One memory test included three 5-year-old chimps who had been taught the order of Arabic numerals 1 through 9, and a dozen human volunteers.
They saw nine numbers displayed on a computer screen. When they touched the first number, the eight others turned into white squares. The test was to touch all these squares in the order of the numbers that used to be there.
Results showed that the chimps, while no more accurate than people, could do this faster. One chimp, Ayumu, did the best. Researchers included him and nine college students in a second test.
This time, five numbers flashed on the screen briefly before they were replaced by white squares. The challenge, again, was to touch the squares in the proper sequence.
When the numbers were displayed for about seven-tenths of a second, Ayumu and the college students were both able to do this correctly about 80 percent of the time.

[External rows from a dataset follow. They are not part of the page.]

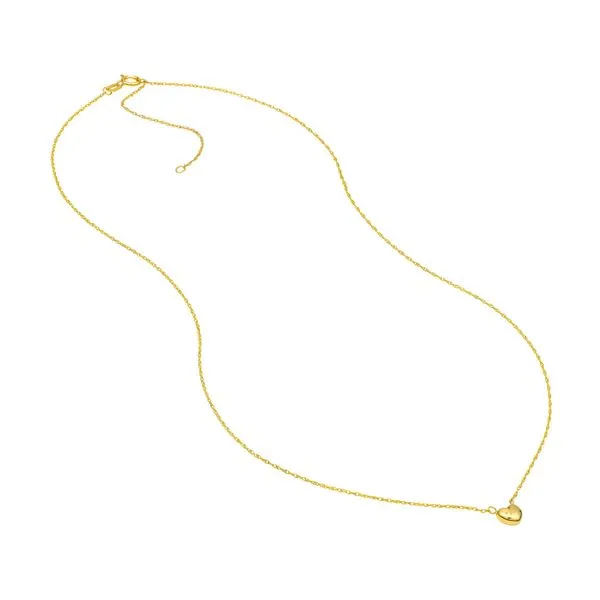 14K Yellow Gold Small Puffy Heart Necklace Image 3 Koerbers Fine Jewelry Inc New Albany, IN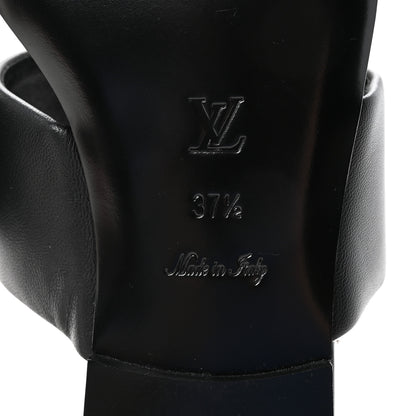 Louis Vuitton Lambskin Embossed Monogram Drapy Flat Thong Sandal 37.5 Black 7 of 9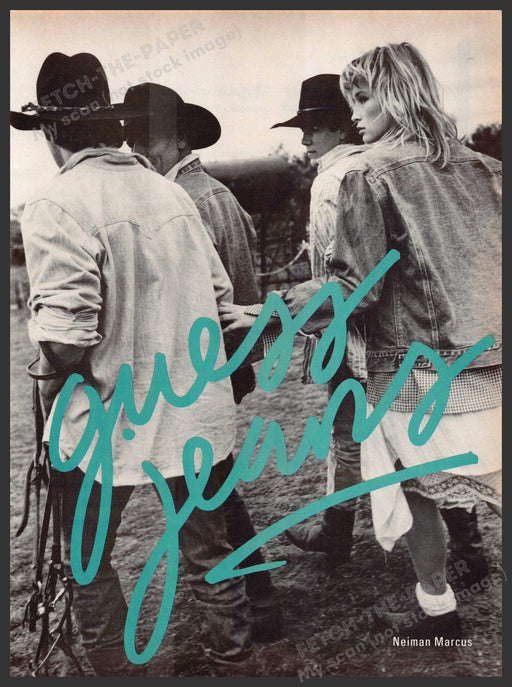 Guess Jeans 1980s Print Advertisement 1986 Cowboys Cowgirl Denim Fetch-the-Paper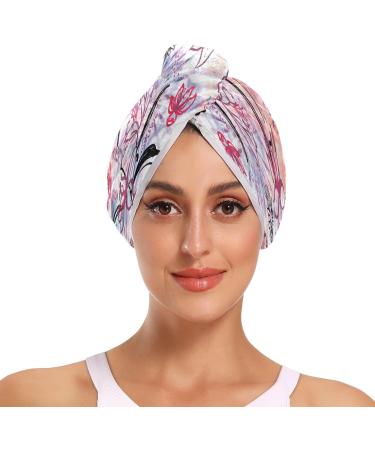 Flower Print Dry Hair Cap Set - 2 Piece Quick Drying Towel & Button Headband | Super Absorbent & Comfortable for All Hair Types - Buy Online on GoSupps.com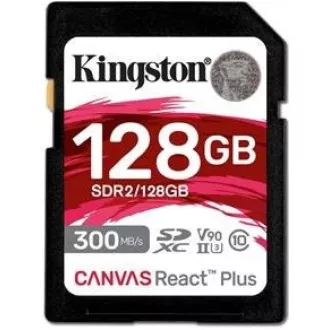 Kingston 128 GB Canvas React Plus SDXC UHS-II 300 R/260 W U3 V90 pre Full HD/4K/8K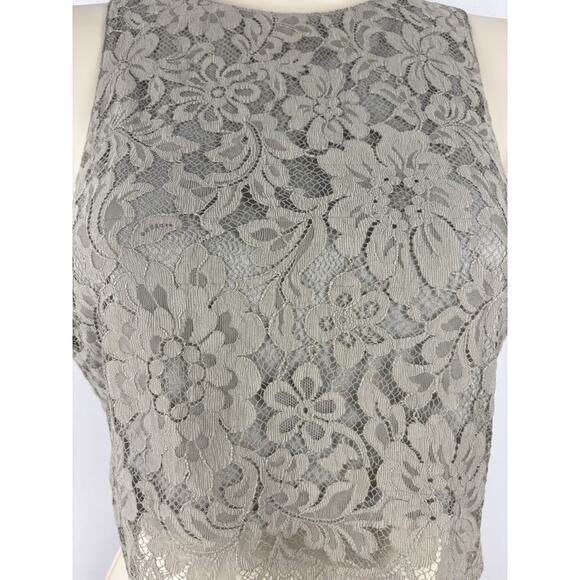 Show Me Your Mumu Taupe Lace Crop Top | Small | Boho Festival Bridal Top - Picture 2 of 5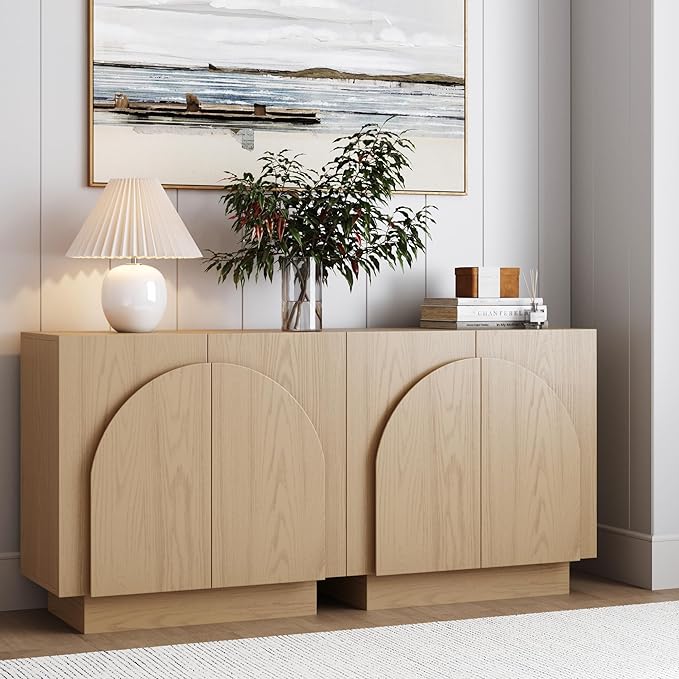 Nathan James Iris Mid-Century Modern Credenza, Light Brown TV Stand, Living Room Wood Storage Cabinet with Arched Cabinet Doors, White Oak, Set of 2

But when the numbers were displayed for four-tenths or two-tenths of a second, the chimp was the champ. The briefer of the times is too short to allow a look around the screen, and in those tests Ayumu still scored about 80 percent; humans plunged to 40 percent.
That indicates Ayumu was better at taking in the whole pattern of numbers at a glance, the researchers wrote.
What's going on here? Even with six months of training, three students failed to catch up to the three young chimps, Matsuzawa said in an e-mail.
He thinks two factors gave his chimps the edge. For one thing, he believes human ancestors gave up much of this skill over evolutionary time to make room in the brain for gaining language abilities.
The other factor is the youth of Ayumu and his peers. The memory for images that is needed for the tests resembles a skill found in children that dissipates with age. In fact, the young chimps performed better than older chimps in the new study. (Ayumu's mother did even worse than the college students.)
So the next logical step, said Elizabeth Lonsdorf, of the Lincoln Park Zoo, is to fix up Ayumu with some real competition: little kids.